**TASK DETAILS**
Each line from the one bearing "カスタマイズされたプラスチッ" through the last line of the entries below should be returned exactly, with pictures left out.

**RECORD EXTRACTS**
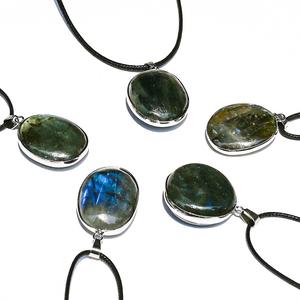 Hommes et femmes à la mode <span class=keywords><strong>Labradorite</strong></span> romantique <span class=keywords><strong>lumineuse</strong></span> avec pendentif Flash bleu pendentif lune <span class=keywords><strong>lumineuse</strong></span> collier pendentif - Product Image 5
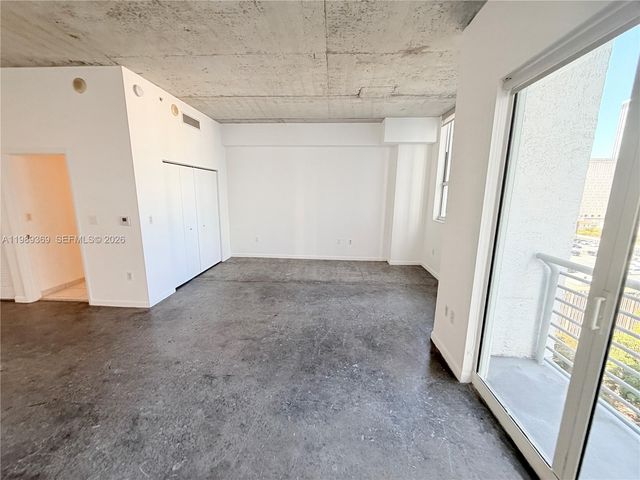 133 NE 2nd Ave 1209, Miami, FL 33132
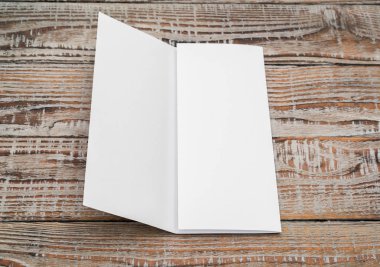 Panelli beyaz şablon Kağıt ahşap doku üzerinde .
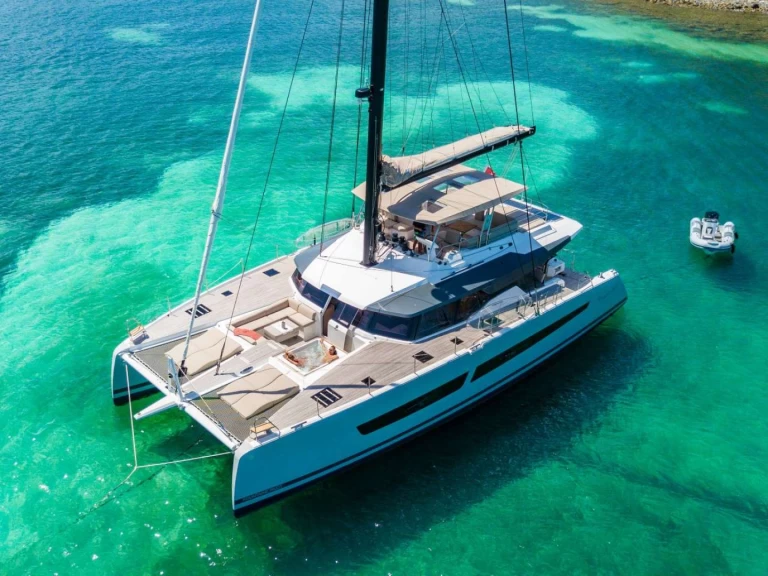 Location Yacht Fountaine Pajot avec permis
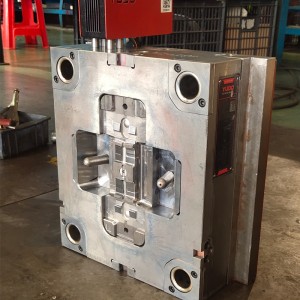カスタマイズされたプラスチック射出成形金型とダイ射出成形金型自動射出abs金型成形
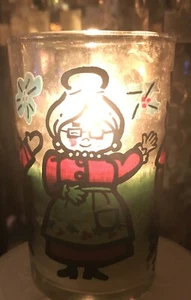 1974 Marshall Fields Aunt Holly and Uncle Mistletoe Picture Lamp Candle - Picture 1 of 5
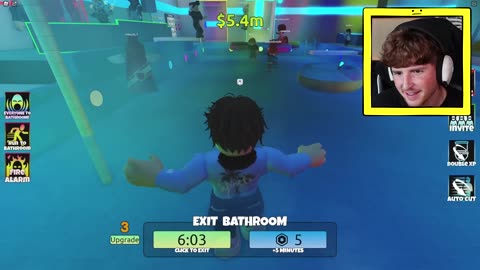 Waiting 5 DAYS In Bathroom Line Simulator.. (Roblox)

**EXERCISE OUTPUT**
カスタマイズされたプラスチック射出成形金型とダイ射出成形金型自動射出abs金型成形
 1974 Marshall Fields Aunt Holly and Uncle Mistletoe Picture Lamp Candle - Picture 1 of 5
 Waiting 5 DAYS In Bathroom Line Simulator.. (Roblox)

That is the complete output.